Task goal: Please reproduce the entries below exactly, starting at the first line and ending with the line that holds "Labirinto Print Turtleneck Sweater in Wool".

**********

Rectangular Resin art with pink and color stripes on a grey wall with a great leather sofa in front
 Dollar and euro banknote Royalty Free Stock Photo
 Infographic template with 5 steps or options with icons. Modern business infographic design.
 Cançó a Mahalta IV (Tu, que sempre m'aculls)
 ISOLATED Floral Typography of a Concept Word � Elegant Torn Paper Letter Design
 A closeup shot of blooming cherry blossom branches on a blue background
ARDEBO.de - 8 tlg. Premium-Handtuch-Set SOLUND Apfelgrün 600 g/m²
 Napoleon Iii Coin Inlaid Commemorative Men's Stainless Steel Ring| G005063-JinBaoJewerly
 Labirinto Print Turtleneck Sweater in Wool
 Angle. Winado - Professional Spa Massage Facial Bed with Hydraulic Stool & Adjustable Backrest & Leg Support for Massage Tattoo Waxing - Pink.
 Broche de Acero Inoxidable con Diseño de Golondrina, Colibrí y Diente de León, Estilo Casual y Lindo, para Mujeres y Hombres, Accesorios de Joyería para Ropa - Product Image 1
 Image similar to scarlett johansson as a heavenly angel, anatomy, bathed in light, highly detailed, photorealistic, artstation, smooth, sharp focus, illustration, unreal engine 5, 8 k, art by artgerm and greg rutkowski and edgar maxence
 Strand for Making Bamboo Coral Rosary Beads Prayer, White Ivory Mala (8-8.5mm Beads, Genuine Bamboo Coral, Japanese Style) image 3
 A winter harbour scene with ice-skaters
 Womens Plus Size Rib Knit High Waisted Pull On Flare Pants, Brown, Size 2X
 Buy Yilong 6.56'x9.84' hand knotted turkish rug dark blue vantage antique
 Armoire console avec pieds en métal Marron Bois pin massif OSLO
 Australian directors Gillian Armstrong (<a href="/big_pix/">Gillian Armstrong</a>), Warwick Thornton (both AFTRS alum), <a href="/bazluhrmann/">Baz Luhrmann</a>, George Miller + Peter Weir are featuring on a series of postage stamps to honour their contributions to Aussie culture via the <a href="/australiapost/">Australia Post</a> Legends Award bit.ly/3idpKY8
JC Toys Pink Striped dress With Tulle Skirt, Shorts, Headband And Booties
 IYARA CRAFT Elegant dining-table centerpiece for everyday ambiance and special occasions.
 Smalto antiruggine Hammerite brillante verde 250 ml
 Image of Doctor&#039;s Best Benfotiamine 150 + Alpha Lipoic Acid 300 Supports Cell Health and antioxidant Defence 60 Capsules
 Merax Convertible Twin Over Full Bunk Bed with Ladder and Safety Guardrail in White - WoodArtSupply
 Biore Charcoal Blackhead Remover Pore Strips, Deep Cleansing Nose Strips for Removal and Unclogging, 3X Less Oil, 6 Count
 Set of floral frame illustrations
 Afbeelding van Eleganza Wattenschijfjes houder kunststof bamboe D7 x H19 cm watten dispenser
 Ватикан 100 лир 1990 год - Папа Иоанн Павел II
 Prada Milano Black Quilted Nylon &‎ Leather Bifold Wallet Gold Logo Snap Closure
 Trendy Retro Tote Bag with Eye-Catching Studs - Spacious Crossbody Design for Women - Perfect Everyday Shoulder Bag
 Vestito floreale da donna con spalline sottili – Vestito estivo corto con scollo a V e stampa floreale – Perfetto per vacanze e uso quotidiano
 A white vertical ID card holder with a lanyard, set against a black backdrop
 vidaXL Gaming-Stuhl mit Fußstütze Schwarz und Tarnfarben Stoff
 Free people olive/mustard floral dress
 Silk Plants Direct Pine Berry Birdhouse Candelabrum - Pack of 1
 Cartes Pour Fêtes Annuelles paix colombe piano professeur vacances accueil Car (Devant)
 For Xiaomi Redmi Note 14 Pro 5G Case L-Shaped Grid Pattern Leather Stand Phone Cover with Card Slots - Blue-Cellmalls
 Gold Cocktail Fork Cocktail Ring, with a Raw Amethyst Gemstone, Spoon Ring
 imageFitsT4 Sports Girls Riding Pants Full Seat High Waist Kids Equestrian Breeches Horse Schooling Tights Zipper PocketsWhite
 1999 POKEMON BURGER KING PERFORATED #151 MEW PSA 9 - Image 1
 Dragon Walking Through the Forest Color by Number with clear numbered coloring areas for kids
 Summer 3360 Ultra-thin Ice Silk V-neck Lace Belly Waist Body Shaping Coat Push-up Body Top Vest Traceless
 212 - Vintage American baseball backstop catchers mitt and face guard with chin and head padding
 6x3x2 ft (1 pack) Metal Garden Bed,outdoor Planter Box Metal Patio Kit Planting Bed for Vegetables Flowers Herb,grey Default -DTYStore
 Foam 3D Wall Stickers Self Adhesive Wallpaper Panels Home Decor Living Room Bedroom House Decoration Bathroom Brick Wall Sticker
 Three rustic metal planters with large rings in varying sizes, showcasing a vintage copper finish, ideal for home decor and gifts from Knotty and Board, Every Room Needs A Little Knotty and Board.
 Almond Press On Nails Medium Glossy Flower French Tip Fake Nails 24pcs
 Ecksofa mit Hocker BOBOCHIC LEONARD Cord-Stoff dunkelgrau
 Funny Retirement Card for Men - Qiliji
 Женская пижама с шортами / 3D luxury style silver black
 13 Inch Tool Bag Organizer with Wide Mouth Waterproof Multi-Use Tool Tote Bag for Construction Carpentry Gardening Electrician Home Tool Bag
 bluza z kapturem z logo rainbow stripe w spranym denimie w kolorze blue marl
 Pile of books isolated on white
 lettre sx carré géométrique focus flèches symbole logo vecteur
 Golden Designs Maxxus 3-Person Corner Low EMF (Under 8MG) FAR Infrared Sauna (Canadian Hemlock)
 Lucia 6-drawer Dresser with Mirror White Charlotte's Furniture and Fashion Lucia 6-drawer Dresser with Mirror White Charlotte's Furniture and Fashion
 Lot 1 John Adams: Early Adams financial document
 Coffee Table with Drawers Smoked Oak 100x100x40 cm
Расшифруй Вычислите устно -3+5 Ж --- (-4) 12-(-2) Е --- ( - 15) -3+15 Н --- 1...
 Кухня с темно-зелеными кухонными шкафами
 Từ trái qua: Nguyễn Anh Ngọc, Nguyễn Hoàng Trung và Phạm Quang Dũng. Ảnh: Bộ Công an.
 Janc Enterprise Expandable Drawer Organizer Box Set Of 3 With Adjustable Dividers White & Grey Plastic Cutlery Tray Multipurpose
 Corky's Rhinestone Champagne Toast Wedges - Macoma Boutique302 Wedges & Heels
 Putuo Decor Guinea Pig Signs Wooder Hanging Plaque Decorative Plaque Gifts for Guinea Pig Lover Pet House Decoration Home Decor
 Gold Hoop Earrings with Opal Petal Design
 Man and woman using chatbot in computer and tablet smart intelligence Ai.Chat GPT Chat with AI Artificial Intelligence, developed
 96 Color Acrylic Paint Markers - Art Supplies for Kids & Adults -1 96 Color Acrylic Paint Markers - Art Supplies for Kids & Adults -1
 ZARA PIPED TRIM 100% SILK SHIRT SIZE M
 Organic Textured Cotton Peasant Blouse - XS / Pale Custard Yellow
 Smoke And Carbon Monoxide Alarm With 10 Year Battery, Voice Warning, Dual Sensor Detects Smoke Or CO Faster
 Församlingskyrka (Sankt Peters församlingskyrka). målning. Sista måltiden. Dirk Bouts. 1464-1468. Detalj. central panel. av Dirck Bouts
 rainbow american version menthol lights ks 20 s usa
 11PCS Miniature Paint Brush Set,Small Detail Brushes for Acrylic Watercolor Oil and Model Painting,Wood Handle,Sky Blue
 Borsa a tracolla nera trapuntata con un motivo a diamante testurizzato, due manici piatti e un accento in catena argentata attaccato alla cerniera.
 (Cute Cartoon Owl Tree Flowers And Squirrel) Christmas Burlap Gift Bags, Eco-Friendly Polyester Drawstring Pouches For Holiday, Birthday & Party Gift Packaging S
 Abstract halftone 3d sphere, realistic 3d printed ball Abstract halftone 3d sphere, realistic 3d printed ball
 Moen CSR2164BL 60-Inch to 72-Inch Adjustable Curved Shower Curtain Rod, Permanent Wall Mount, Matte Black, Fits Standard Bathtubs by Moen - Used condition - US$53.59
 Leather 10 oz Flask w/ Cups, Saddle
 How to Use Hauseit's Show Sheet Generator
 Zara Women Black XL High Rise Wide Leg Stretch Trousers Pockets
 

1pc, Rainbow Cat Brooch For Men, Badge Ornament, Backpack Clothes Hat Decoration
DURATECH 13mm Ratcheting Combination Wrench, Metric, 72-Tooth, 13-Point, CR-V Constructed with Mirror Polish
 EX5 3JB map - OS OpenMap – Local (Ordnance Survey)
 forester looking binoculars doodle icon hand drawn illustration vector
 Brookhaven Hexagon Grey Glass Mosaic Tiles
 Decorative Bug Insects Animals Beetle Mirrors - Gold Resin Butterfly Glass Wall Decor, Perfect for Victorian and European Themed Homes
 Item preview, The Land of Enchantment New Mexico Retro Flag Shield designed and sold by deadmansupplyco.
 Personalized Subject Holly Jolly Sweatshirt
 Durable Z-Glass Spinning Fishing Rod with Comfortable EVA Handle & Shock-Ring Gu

**********

Reply to the exercise:
Rectangular Resin art with pink and color stripes on a grey wall with a great leather sofa in front
 Dollar and euro banknote Royalty Free Stock Photo
 Infographic template with 5 steps or options with icons. Modern business infographic design.
 Cançó a Mahalta IV (Tu, que sempre m'aculls)
 ISOLATED Floral Typography of a Concept Word � Elegant Torn Paper Letter Design
 A closeup shot of blooming cherry blossom branches on a blue background
ARDEBO.de - 8 tlg. Premium-Handtuch-Set SOLUND Apfelgrün 600 g/m²
 Napoleon Iii Coin Inlaid Commemorative Men's Stainless Steel Ring| G005063-JinBaoJewerly
 Labirinto Print Turtleneck Sweater in Wool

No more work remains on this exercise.